JEFFERSON CITY • A bill that could expand charter schools statewide while making it easier to weed out under-performing ones is on its way to the governor’s desk.
The Missouri House passed the bill Tuesday on a vote of 99-54. The Senate passed it earlier, 31-2.
Gov. Jay Nixon has not said whether he will sign it. In his "State of the State" speech in January, he called for tougher accountability standards for charter schools but did not talk about expanding them.
Charter schools are independent public schools, funded by taxpayers but freed from district regulation and encouraged to experiment with curriculum. Currently, they are confined to St.
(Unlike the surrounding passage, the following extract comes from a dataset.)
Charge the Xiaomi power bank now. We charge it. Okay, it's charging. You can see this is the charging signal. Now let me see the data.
Louis and Kansas City.
Supporters said letting the nontraditional schools open throughout the state would spur creativity in classrooms and give parents more choices.
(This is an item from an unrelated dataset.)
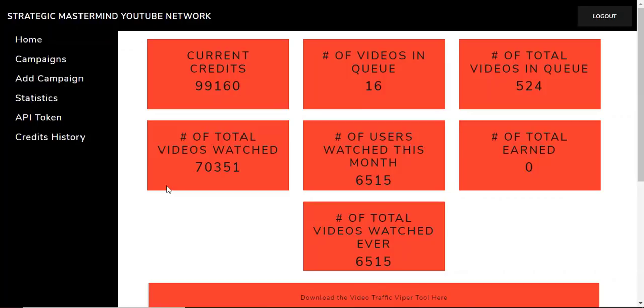Hey guys and welcome to the new updated Viper training. I've been wanting to get this out for the last couple days, but I was waiting on a new update that rolled out today.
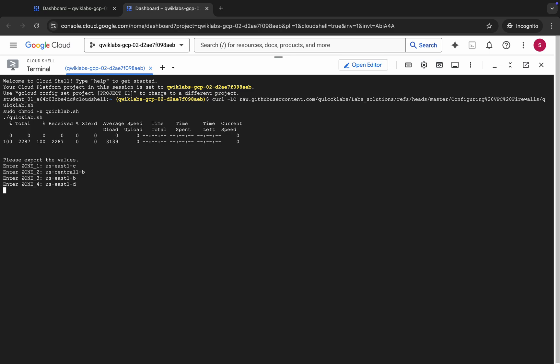Wait for a second and then click on Authorize. Now just wait for this command to finish executing. Once it's done, you are done with this lab. Just wait for a couple of seconds and after that we will check the score for the lab.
Other provisions -- for example, setting standards for the school's sponsors and requiring the schools to sign formal performance contracts -- will make the schools more accountable, supporters said.
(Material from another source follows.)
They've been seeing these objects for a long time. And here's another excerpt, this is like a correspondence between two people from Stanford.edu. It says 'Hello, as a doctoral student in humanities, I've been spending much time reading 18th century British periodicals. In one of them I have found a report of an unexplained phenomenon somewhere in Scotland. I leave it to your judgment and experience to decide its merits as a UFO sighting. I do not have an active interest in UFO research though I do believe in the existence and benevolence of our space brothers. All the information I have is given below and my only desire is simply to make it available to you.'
The bill "will make sure there is transparency and openness and will give students a better chance at succeeding," said Rep. Tishaura Jones, D-St. Louis.
Opponents said charter schools, as a group, had performed no better than the traditional public schools in their districts. In some cases, their academic performance was worse.
“We need to look at this before we expand the pool of what we’re trying to do,” said Rep. Clem Smith, D-Velda Village Hills.
If Nixon signs the new legislation, charter schools could be established in any school district that loses accreditation and, after a three-year waiting period, in districts that are provisionally accredited and not making progress toward accreditation.
Charter schools also could be set up in accredited districts, but only when established by the local school board.